Six months before the New Hampshire presidential primary, John Toole interviews voters shopping in Londonderry to get their take on the Republican candidates.
Who is Romney? ”I think he’s a Democrat. He was governor of, was it Massachusetts? And he ran in the last election,” said Aaron Starkman of Londonderry.
Who is Gingrich? ”He’s a Massachusetts political figure,” said Maureen Glasier of Derry.
Who is Bachmann? ”She is crazy. But that’s all I know,” said Cindy Walker of Derry.
Who is Huntsman? Nobody knew.
Who is Pawlenty? ”Governor of Illinois or something like that,” Glasier said.
His conclusion? It’s early.
Matt Bai makes the case for a moderate Republican, specifically Jon Huntsman, having a real shot at winning the New Hampshire presidential primary.
[T]he presidential primary electorate will be very different from the 2010 primaries for House and Senate. … In New Hampshire, where Tea Party types overran the state Legislature and wrested control of the state party last year, turnout in the 2010 primaries was under 20 percent, as it usually is.

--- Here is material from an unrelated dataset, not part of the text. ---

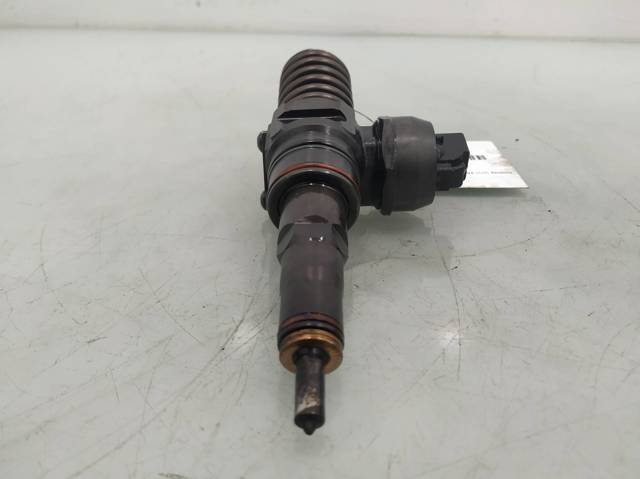 Inyector de combustible Volkswagen Bora (1998-2005)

The turnout in next year’s presidential primary, on the other hand, will probably reach 60 percent. That means the influence of the most conservative, most motivated activists will almost certainly be diluted.
[I]n the last two contested Republican primary seasons, independents in “open states” like New Hampshire split their votes between Republicans and Democrats. But this year, all of them will be voting for a Republican.
Mitt Romney continues to maintain his front-runner position in the New Hampshire GOP presidential primary in a new survey from Magellan Strategies. 42% of those surveyed say if the election were held today, they would vote for Romney. His closest competitors are Ron Paul and Michele Bachmann with 10% each.
Compared to an earlier survey from Magellan, Romney has about the same level of support as he had at the beginning of the year. Michelle Bachmann, who was not included in the January poll, has gained the most, while support for Palin and Gingrich has dropped significantly.
Mitt Romney: 42% (January 2011: 39%)
Ron Paul: 10% (7%)
Michele Bachmann: 10% (n/a)
Sarah Palin 7% (16%)
Rudy Giuliani 6% (n/a)
Tim Pawlenty: 5% (4%)
Herman Cain: 4% (n/a)
Newt Gingrich: 3% (8%)
Jon Huntsman: 3% (n/a)
Rick Santorum: 2% (3%)
A finding that could play a a significant role in the primary results is that just 63% of these likely voters self-identify as conservative on most issues. 32% identify themselves as moderate and 4% liberal. 72% of the Republicans said they are conservative compared to just 39% of Independents. Undeclared voters, those who are not registered as Republicans or Democrats, are eligible to vote in the GOP primary.
The survey results are based on an autodial survey of 727 likely Republican primary voters and undeclared voters likely to vote in the 2012 Republican Presidential primary. The interviews were conducted June 14-15, 2011. This survey has a margin of error of +/‐ 3.63% at the 95 percent confidence interval.